When it comes to writing, I often worry about doing things the right way. What’s the right way to blog? Do I need to focus solely on posts about writing? Should I post something every day? How do I promote it?
Here’s the thing.
I want to write. I want to write long things, like novels, and short things, like short stories and blog posts and poems. Writing is one of those things that I’ve loved to do since I was a kid, and I’m generally a happier person when I make time to write regularly.
Still, even though I am completely certain all of the above is true, I just keep NOT writing.
It’s a lot of pressure to sit down and think I’m not successful unless I’m working on a novel. Blog posts would just as easily fulfill my need to write, but what can I blog about? Is it okay to be a writer who blogs about a lot of different things without focusing only on the topic of writing?
It should be simple, really. This is my blog. I own it. I can do whatever I want here. Every time I think about blogging, I get sidetracked by trying to understand what the rules are.
I do not like rules.
This is a major personality flaw of mine.
As soon as you tell me “This is how you have to do this thing,” I will automatically be resistant to doing that thing in that way. I never like feeling like I have to do anything, and I can’t stand the idea that there’s only one right way to do a thing.

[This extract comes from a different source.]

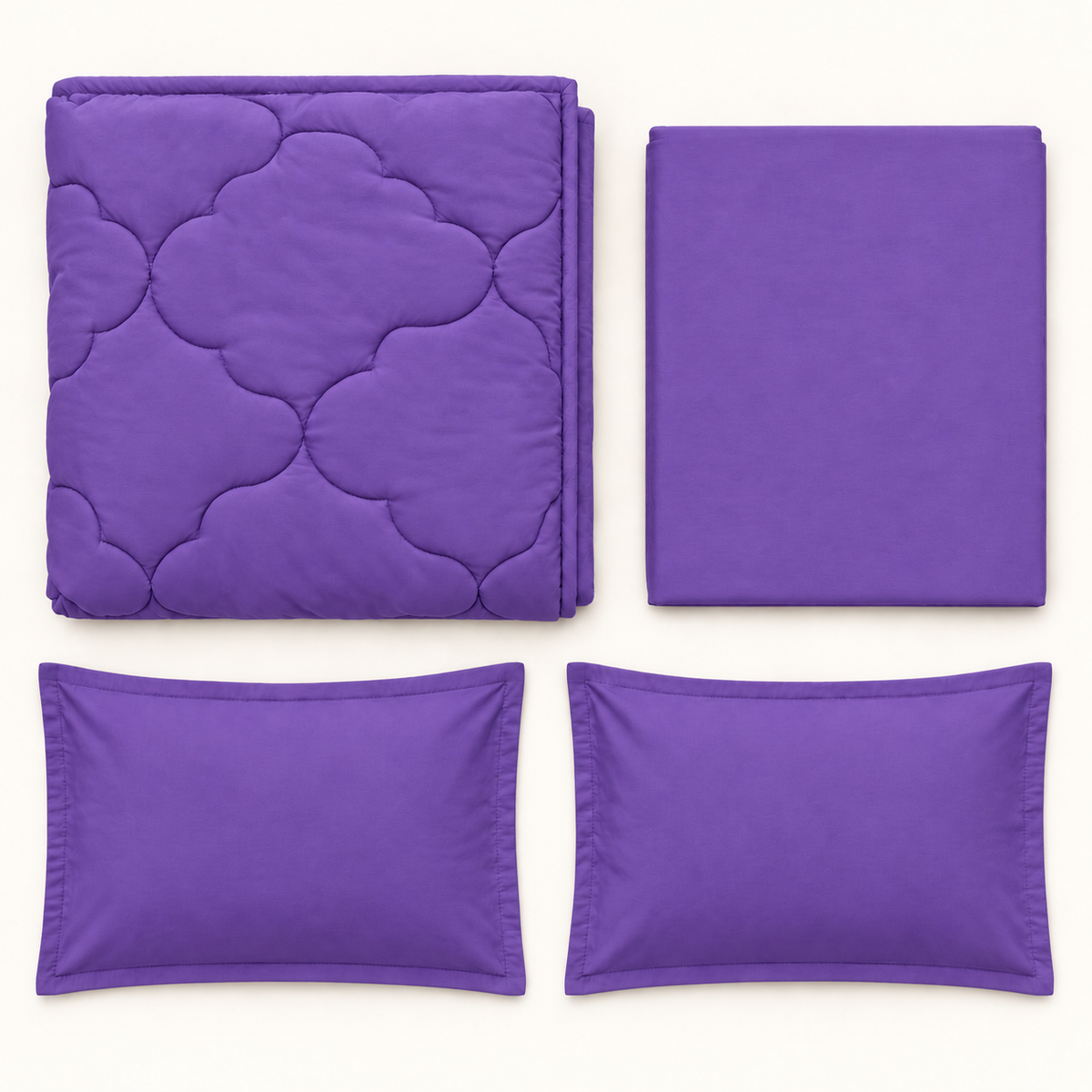 Grape Puff 4-Piece Comforter Set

Let’s all take a moment and think about this. I am:
1. Preoccupied with wanting to do things the right way.
2. Annoyed when someone tells me there’s a right way to do things.
WHY AM I LIKE THIS?
So my new mantra, my May 15 resolution, if you will, is: it’s okay to just do things. It’s okay to figure things out as I go. It’s okay if I don’t know the right way to blog. (It’s because there’s isn’t a right way. There’s my way and your way and some other person’s way and it’s okay if all those ways are different and rules are dumb.)
Ever since I got into the writing game, I’ve tried to just be myself with you guys and not worry about being A Professional Authorly Person. I’m not sure when I lost sight of that, or exactly where I decided that who I was wasn’t quite enough to be taken seriously and I needed to learn the right way to be me.
As of today, I’m just gonna let all of that go, mmk?
I also don’t know the right way to end a blog post.